Nearly a week after CPJ sent a letter to Tunisian President Zine El Abidine Ben Ali urging him to end the “ongoing cycle of repression of critical journalists and media outlets,” Tunisia’s Ministry of Justice and Human Rights told Mohamed Abbou, a prominent human rights lawyer and writer, in a phone call on Saturday that he was free to travel abroad.
“There is no doubt that CPJ’s letter and other actions recently undertaken by international human rights groups helped prompt this phone call, ” Abbou told CPJ. He said he had been arbitrarily prevented from leaving the country by Tunis airport police on seven separate occasions.

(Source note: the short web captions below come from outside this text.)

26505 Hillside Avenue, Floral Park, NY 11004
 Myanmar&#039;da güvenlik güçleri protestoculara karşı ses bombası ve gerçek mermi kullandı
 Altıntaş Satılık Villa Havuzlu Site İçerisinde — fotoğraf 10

“They finally acknowledged that no decision has ever been made to prevent me from leaving the country after my release from prison in July 2007,” Abbou said. The Tunisian Bar Association was also informed by phone the same day that there were no travel restrictions imposed on Abbou, journalists told CPJ.
On the eve of the 53rd anniversary of Tunisia’s independence from France, on March 19, CPJ Executive Director Joel Simon told Ben Ali that various transgressions, including arbitrary restrictions on Abbou’s right to freedom of movement by Tunisian authorities, “thoroughly belie every statement” he and his government have made about their “proclaimed commitment to increased press freedom over the past two decades.”
Simon urged “in the strongest terms” Ben Ali to take “immediate and decisive action” to implement his “repeated commitments to freedom of expression” and to honor his country’s pledge to abide by the International Covenant on Civil and Political Rights.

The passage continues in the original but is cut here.